#### Problem to work on
An unchanged copy of all the lines below is expected, and it should contain no pictures.

#### Collected data
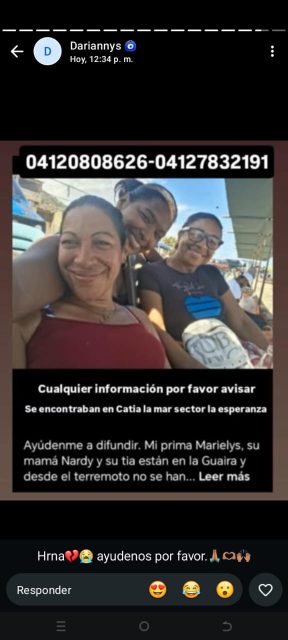 Nardis Malave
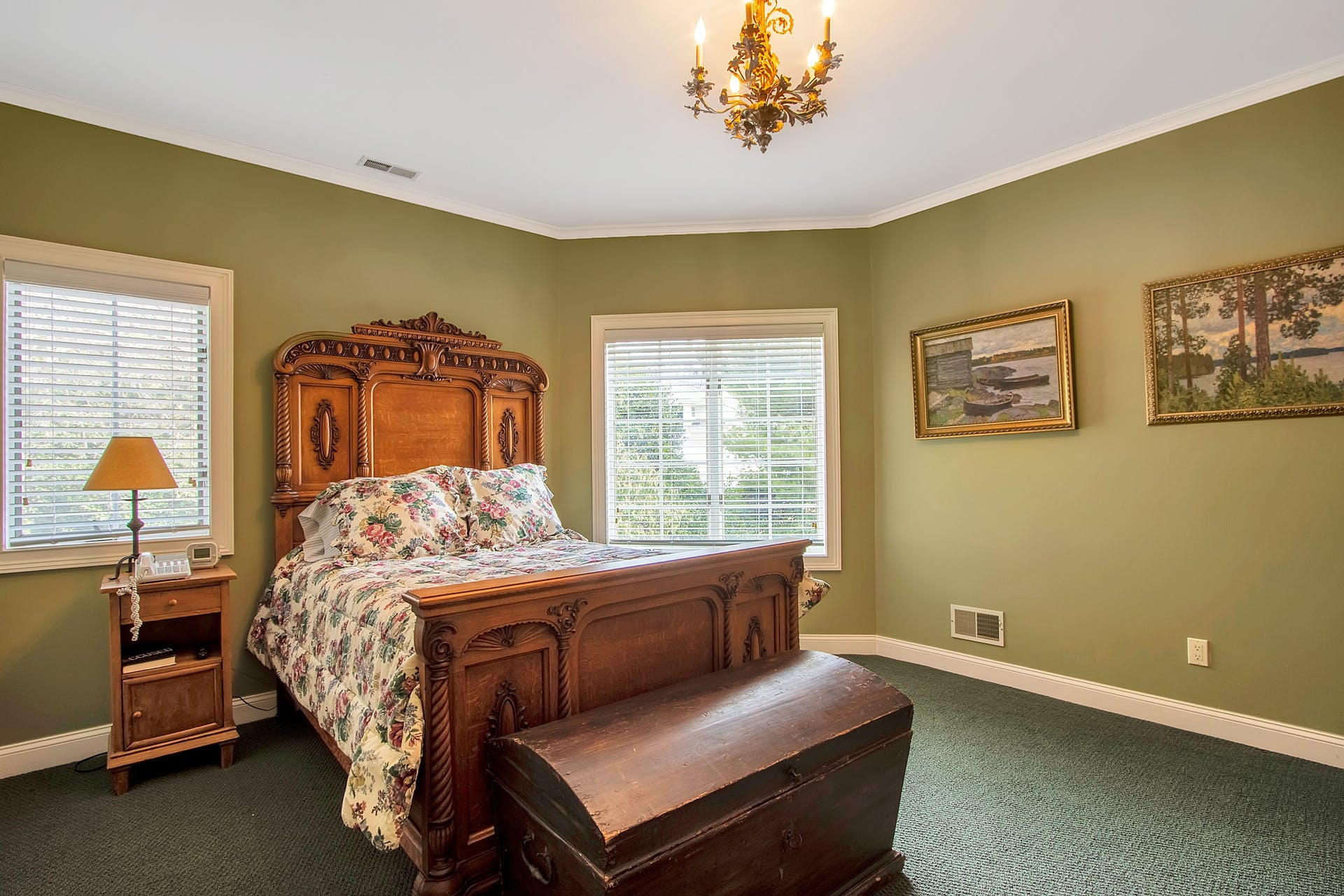 27 N Pond Rd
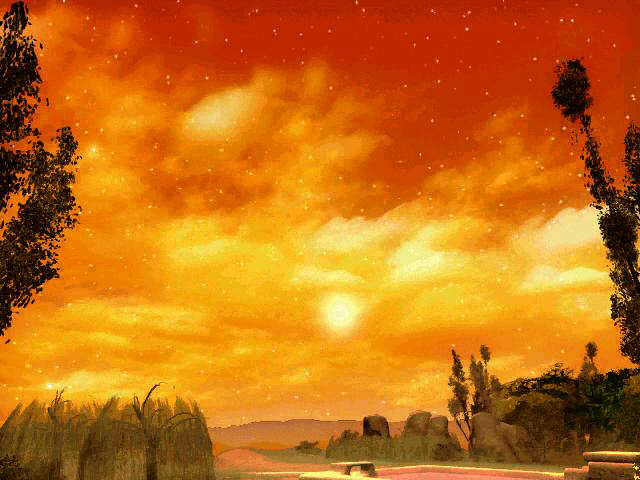 Aztec screenshot 4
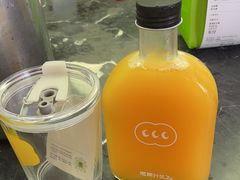 -混果汁(福田领展中心城店)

#### Exercise result
 Nardis Malave
 27 N Pond Rd
 Aztec screenshot 4
 -混果汁(福田领展中心城店)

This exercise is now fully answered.